An automated email confirming you've received their enquiry and outlining next steps keeps you front of mind and reassures them they didn't just shout into the internet. That email should come from you, with your name and photo, not from "noreply@websitebuilder.com".

The Mobile Experience Determines Half Your Conversions

Your contact form must work perfectly on a phone because that's where most of your leads are filling it out.

Buttons need to be large enough to tap without zooming. Fields need to trigger the right keyboard: email fields should open the email keyboard with the @ symbol, phone fields should open the number pad. If someone has to manually switch keyboards or zoom in to hit a button, you're losing them.

Forms that work beautifully on desktop and break on mobile are common. Test your form on your own phone before you publish it. Fill it out yourself. If it feels awkward, it is awkward, and your visitors are abandoning it.

How Website Content Supports Your Contact Form

The content on the page leading up to your form determines whether anyone fills it out.

You can have the perfect form, but if the content above it hasn't built trust or made a clear case for why someone should contact you, the form just sits there. Your website content needs to answer the visitor's question, demonstrate you understand their situation, and make contacting you feel like the logical next step.

As an example, a services page that lists what you offer but doesn't explain how you help or who you help leaves visitors uncertain. They'll read it, think "okay, but is this person right for me?", and leave. A services page that speaks directly to first home buyers, self-employed borrowers, or refinancers and addresses their specific concerns naturally leads into "Let's talk about your situation" with a form right there.

The surrounding content is doing the heavy lifting. The form is just the mechanism. Focus on both.

Your contact form isn't just a technical feature. It's the final step in a process you've built with every other part of your site. Get the form right, and everything else you've done pays off.

If your current website has a contact form that's too long, too vague, or buried three clicks deep, you're losing leads you've already earned. Book a free website discovery call with our team and we'll walk through exactly what's working and what's costing you enquiries.

Frequently Asked Questions

How many fields should a mortgage broker contact form have?

A high-converting contact form should have four fields: name, email, phone, and one open text field for their question or situation. Every additional field reduces your conversion rate because visitors haven't committed to working with you yet.

Where should contact forms appear on a broker website?

Contact forms should appear on every page, either embedded at the bottom of key pages or accessible via a sticky floating button. You should also have a dedicated contact page with the form prominently displayed alongside your phone number.

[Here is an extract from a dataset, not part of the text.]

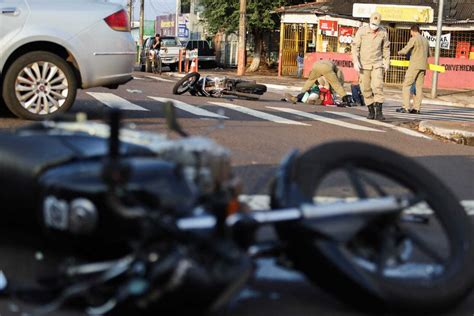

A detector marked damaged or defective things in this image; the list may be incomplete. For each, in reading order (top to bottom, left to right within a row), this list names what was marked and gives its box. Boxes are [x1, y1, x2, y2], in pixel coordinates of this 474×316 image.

overturned motorcycle [171, 72, 268, 100]
overturned motorcycle [0, 107, 472, 316] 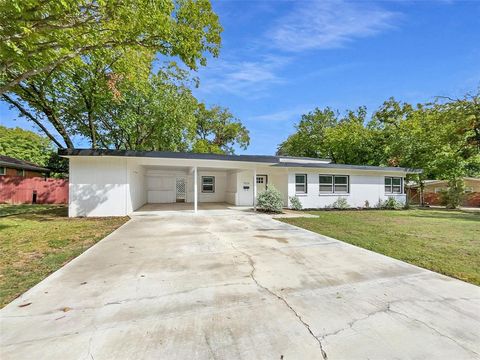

What should a contact form submit button say?

Your submit button should tell visitors what happens next, like "Book a Free Call" or "Get Your Free Assessment". Avoid generic labels like "Submit" because they don't clarify the commitment or next step.

What happens after someone submits a broker contact form?

After submission, show a confirmation message that explains what happens next and when they'll hear from you. Send an automated email confirming receipt with your name and photo, and consider providing a useful resource while they wait.

Why do mobile users abandon contact forms more often?

Mobile users abandon forms when buttons are too small to tap, fields don't trigger the correct keyboard, or the form requires zooming to complete. Test your form on a phone to ensure it works smoothly.